━━━ Input records
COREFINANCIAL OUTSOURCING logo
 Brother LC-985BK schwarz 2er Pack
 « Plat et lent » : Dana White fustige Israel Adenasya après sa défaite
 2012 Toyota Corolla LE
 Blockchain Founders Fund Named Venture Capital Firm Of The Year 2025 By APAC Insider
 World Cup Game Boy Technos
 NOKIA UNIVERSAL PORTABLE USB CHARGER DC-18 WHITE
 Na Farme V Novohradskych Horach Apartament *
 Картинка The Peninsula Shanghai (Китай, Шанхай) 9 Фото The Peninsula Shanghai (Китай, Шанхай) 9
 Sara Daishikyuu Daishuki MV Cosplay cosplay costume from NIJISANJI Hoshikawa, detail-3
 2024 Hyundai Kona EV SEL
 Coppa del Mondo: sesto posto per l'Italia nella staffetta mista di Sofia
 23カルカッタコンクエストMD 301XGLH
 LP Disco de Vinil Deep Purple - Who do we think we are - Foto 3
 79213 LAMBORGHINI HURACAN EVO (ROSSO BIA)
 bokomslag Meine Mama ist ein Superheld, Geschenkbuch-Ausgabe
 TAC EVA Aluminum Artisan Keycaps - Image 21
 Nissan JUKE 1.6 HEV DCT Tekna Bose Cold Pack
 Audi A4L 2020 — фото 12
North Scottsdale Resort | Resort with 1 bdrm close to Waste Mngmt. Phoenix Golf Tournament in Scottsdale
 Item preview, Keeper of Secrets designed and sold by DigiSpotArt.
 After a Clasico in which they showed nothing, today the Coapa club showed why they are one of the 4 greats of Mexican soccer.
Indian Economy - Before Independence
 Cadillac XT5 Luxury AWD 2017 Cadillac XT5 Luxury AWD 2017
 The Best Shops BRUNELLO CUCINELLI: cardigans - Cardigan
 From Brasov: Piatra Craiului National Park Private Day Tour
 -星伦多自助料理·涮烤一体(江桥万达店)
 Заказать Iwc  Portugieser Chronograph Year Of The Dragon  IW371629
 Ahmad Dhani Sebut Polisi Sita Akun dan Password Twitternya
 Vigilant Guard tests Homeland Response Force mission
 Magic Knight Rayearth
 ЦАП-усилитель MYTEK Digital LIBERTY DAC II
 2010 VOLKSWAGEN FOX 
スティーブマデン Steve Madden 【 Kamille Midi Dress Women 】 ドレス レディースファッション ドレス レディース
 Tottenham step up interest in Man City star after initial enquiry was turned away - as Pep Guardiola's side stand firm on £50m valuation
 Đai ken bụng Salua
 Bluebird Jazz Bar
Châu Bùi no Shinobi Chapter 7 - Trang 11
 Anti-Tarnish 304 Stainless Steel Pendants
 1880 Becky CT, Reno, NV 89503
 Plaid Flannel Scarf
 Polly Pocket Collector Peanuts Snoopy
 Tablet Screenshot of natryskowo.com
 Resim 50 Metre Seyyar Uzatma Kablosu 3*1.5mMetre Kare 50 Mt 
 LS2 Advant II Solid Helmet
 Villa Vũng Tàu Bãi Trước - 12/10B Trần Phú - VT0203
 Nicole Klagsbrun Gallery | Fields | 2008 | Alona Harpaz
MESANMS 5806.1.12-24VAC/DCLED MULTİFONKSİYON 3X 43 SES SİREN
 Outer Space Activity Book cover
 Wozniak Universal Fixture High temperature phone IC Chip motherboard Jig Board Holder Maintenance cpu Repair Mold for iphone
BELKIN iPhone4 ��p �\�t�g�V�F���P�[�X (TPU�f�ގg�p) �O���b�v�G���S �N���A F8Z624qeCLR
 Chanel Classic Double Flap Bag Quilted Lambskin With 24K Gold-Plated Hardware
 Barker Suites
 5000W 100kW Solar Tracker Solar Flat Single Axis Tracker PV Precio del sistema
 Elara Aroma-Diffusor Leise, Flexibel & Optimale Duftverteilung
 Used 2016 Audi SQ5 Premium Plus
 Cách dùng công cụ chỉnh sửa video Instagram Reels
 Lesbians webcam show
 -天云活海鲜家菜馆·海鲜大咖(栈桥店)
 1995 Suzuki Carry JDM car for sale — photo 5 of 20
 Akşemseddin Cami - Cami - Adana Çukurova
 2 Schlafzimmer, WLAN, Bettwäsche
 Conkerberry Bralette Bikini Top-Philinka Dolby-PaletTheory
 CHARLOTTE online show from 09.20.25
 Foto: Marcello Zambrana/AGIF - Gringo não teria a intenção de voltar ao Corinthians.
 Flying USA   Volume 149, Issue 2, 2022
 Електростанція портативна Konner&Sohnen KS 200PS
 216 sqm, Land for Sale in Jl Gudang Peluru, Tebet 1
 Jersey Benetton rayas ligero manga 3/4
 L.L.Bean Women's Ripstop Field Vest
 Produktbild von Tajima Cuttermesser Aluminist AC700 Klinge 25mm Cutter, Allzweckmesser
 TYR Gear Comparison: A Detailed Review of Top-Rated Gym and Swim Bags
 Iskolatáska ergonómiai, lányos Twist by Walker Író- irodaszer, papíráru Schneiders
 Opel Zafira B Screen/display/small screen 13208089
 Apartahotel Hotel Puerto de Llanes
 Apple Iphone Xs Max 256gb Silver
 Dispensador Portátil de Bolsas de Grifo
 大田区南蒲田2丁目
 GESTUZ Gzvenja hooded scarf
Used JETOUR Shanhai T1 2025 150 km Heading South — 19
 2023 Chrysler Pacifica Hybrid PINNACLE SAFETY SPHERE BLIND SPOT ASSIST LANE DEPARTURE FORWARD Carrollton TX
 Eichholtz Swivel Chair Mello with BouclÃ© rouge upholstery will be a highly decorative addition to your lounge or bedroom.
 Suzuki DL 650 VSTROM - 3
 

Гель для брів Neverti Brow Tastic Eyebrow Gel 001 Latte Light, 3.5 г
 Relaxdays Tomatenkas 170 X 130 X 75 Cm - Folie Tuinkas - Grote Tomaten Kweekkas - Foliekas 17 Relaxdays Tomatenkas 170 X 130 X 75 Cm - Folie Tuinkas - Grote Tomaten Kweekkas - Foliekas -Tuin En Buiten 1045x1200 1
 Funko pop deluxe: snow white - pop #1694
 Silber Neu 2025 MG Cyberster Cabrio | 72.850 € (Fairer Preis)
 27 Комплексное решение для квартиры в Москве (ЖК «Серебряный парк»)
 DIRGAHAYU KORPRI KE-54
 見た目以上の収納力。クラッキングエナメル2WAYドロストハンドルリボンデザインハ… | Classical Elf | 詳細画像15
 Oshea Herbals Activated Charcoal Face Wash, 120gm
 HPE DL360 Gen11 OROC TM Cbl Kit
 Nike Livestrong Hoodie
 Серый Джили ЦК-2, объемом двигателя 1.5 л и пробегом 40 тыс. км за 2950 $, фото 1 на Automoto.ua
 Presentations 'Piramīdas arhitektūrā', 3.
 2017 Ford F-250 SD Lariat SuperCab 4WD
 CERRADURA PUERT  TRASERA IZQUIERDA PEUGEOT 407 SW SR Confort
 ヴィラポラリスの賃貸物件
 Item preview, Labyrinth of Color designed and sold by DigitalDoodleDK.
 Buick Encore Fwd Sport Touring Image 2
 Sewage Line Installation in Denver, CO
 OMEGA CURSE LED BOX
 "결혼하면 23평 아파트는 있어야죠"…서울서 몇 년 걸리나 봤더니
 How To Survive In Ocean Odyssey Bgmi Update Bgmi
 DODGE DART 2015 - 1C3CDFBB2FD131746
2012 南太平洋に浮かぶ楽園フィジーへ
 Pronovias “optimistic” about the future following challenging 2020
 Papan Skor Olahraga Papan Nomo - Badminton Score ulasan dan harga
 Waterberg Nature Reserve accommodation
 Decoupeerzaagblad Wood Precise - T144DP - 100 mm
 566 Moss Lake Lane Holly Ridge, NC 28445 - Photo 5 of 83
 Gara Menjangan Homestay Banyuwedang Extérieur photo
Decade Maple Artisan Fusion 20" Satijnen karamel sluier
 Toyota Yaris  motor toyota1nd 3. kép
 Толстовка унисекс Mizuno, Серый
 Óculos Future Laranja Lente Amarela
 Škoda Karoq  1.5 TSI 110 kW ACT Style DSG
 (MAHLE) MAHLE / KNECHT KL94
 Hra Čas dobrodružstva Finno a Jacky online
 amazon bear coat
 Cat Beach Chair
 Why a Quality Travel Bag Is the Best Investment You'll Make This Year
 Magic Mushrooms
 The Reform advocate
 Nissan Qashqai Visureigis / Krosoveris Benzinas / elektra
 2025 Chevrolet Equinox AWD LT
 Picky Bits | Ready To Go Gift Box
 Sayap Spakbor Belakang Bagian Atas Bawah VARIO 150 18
━━━━━━
_What needs to be done_
Output only an exact transcription of the lines above from the one with "Anti-Tarnish 304 Stainless Steel Pendants" up to and including the one with "Produktbild von Tajima".

_Task solution_
 Anti-Tarnish 304 Stainless Steel Pendants
 1880 Becky CT, Reno, NV 89503
 Plaid Flannel Scarf
 Polly Pocket Collector Peanuts Snoopy
 Tablet Screenshot of natryskowo.com
 Resim 50 Metre Seyyar Uzatma Kablosu 3*1.5mMetre Kare 50 Mt 
 LS2 Advant II Solid Helmet
 Villa Vũng Tàu Bãi Trước - 12/10B Trần Phú - VT0203
 Nicole Klagsbrun Gallery | Fields | 2008 | Alona Harpaz
MESANMS 5806.1.12-24VAC/DCLED MULTİFONKSİYON 3X 43 SES SİREN
 Outer Space Activity Book cover
 Wozniak Universal Fixture High temperature phone IC Chip motherboard Jig Board Holder Maintenance cpu Repair Mold for iphone
BELKIN iPhone4 ��p �\�t�g�V�F���P�[�X (TPU�f�ގg�p) �O���b�v�G���S �N���A F8Z624qeCLR
 Chanel Classic Double Flap Bag Quilted Lambskin With 24K Gold-Plated Hardware
 Barker Suites
 5000W 100kW Solar Tracker Solar Flat Single Axis Tracker PV Precio del sistema
 Elara Aroma-Diffusor Leise, Flexibel & Optimale Duftverteilung
 Used 2016 Audi SQ5 Premium Plus
 Cách dùng công cụ chỉnh sửa video Instagram Reels
 Lesbians webcam show
 -天云活海鲜家菜馆·海鲜大咖(栈桥店)
 1995 Suzuki Carry JDM car for sale — photo 5 of 20
 Akşemseddin Cami - Cami - Adana Çukurova
 2 Schlafzimmer, WLAN, Bettwäsche
 Conkerberry Bralette Bikini Top-Philinka Dolby-PaletTheory
 CHARLOTTE online show from 09.20.25
 Foto: Marcello Zambrana/AGIF - Gringo não teria a intenção de voltar ao Corinthians.
 Flying USA   Volume 149, Issue 2, 2022
 Електростанція портативна Konner&Sohnen KS 200PS
 216 sqm, Land for Sale in Jl Gudang Peluru, Tebet 1
 Jersey Benetton rayas ligero manga 3/4
 L.L.Bean Women's Ripstop Field Vest
 Produktbild von Tajima Cuttermesser Aluminist AC700 Klinge 25mm Cutter, Allzweckmesser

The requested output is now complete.